The similar performance patterns in response to noise suggest key commonalities between humans and ASR systems. Even Whisper large, which generally outperformed human transcription abilities, struggled with the 0 dB pub noise condition. By directly comparing humans and ASR systems using the same stimuli and controlled conditions, we can more precisely quantify both the strengths and limitations of ASR systems in recognizing speech under adverse listening conditions. Overall, these findings highlight the need for further testing ASR systems across a range of noise types and levels (e.g., fluctuating noise, such as pub noise, multi-talker babble, or street noise).

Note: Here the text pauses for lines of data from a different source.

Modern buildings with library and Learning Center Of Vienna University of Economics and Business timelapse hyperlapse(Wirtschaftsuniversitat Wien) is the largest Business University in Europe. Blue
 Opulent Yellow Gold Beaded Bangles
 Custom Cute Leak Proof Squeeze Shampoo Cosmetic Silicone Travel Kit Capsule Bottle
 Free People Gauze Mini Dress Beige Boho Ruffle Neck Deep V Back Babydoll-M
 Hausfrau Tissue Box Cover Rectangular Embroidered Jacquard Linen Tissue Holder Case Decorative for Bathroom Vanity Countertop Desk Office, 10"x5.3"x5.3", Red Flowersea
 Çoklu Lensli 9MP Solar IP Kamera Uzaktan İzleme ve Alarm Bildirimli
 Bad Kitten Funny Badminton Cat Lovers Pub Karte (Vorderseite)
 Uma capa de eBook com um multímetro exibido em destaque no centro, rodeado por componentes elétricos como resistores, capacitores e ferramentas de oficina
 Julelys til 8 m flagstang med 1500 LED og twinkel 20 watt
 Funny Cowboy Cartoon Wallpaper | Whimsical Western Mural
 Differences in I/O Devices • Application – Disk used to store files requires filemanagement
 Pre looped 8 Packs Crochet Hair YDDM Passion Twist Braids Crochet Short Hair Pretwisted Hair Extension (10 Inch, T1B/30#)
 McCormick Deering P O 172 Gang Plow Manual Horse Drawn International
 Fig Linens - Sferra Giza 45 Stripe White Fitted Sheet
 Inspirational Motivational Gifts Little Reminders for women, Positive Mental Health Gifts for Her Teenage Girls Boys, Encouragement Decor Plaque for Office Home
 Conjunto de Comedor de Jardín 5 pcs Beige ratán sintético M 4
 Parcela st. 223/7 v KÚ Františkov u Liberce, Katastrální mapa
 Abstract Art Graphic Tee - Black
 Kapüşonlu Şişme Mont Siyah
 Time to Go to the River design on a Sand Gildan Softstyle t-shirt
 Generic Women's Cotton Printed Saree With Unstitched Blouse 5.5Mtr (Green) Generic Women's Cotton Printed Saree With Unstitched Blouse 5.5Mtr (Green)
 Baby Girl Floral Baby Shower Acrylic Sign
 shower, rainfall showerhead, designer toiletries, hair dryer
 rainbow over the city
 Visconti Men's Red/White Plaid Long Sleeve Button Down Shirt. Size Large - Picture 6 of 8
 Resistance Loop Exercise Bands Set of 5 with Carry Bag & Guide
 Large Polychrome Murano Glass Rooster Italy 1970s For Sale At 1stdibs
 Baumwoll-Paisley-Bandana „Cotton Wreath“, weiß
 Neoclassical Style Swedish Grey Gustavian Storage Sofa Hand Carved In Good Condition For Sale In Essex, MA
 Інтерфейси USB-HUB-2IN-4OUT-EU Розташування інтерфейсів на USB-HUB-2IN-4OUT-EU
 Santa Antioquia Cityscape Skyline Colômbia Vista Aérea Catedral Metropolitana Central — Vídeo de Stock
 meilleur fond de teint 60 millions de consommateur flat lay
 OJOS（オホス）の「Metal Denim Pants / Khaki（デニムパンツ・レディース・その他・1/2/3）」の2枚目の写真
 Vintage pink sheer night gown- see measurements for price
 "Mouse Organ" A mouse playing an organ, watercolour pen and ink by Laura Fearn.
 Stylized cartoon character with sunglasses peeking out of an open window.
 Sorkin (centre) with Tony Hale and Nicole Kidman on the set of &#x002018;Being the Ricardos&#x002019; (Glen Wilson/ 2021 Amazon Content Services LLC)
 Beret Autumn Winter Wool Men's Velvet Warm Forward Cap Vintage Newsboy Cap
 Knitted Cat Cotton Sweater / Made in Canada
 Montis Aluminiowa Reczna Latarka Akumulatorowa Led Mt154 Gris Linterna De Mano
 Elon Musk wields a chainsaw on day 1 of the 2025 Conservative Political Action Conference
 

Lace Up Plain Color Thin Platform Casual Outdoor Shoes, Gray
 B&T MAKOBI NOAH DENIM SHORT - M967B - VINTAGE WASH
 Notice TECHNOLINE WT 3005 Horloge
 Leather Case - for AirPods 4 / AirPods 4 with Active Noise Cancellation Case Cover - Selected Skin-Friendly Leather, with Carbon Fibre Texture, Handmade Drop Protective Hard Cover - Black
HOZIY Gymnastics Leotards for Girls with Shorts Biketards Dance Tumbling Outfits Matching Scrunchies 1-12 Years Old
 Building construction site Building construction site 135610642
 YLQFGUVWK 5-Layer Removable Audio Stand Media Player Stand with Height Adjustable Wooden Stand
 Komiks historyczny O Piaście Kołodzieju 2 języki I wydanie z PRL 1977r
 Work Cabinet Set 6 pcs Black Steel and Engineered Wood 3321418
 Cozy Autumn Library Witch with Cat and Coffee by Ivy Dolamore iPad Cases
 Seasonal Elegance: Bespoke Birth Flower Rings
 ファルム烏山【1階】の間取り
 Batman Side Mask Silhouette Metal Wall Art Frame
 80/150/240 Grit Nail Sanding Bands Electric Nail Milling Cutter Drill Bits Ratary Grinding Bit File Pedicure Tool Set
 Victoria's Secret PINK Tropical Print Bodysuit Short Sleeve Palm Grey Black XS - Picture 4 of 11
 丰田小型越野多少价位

4.2 Qualitative analysis of error types
A notable difference between the systems emerged in the types of errors produced. A post hoc qualitative analysis was conducted on the error types, with a focus on the 0 dB, pub noise, face mask condition (in principle, the most difficult listening condition). The analysis showed that humans generally maintained grammaticality and transcribed in English, i.e., Aliasara was chatting about the story (intended: Olivia was chatting about the cartridge). Whisper exhibited similar errors, producing grammatically correct, even if inaccurate phrases, i.e., Hi, Elena. How's it going? (intended: I hope Elena asked about the cell). In contrast, wav2vec 2.0 often produced gibberish outputs, i.e., i a mas taking about so wer (intended: Elena was talking about sailing), even with the large model size. This difference likely stems from wav2vec 2.0's character-level predictions, as opposed to Whisper's word-level predictions. Across conditions, wav2vec 2.0 was more prone to ungrammatical or incoherent responses, whereas humans and Whisper generally adhered to English lexical choices and grammatical structure. These distinctions have implications for detecting machine-generated responses and further understanding the nuances between human and machine speech recognition.
5. Conclusion
The primary goal of this study was to better understand the performance boundaries of human and ASR systems (wav2vec 2.0 and Whisper) in recognizing speech under adverse, yet naturalistic, listening conditions. For human participants, pub noise, a 0 dB SNR, and face mask conditions reliably increased WER compared to less challenging conditions. Both wav2vec 2.0 and Whisper base models performed worse than human participants across all scenarios. However, while humans outperformed wav2vec 2.0 large, Whisper large outperformed human participants in all conditions except pub noise, where the two performed comparably. These results have important implications for advancing ASR technology and enhancing our understanding of human vs machine speech recognition.
Supplementary Material
See the supplementary material at https://osf.io/vqwu5/?view_only=effeebc4f9dd44258730f96584d74576, which includes the data, code, analysis, stimuli, and experimental manipulations.
Acknowledgments
This work was supported by a COST Action, Language in the Human Machine Era, Short Term Scientific Mission Grant and the Harding Postgraduate Distinguished Scholarship. We thank Andrew Clark for help with matlab and the UZH Phonetics and Speech Sciences group, Cambridge Phonetics Laboratory, and Oxford Wave Research for helpful feedback.
Author Declarations
Conflict of Interest
The authors have no conflicts of interests to disclose.
Ethics Approval
Ethics approval was obtained from the University of Cambridge Faculty of Modern and Medieval Languages and Linguistics Research Committee.
Data Availability
The data that support the findings of this study are openly available on OSF at https://osf.io/vqwu5/?view_only=effeebc4f9dd44258730f96584d74576.
Although wav2vec 2.0 was technically trained on North American English speech, major performance differences were not expected between these two mainstream varieties of English, particularly given the consistent speech style (i.e., read speech).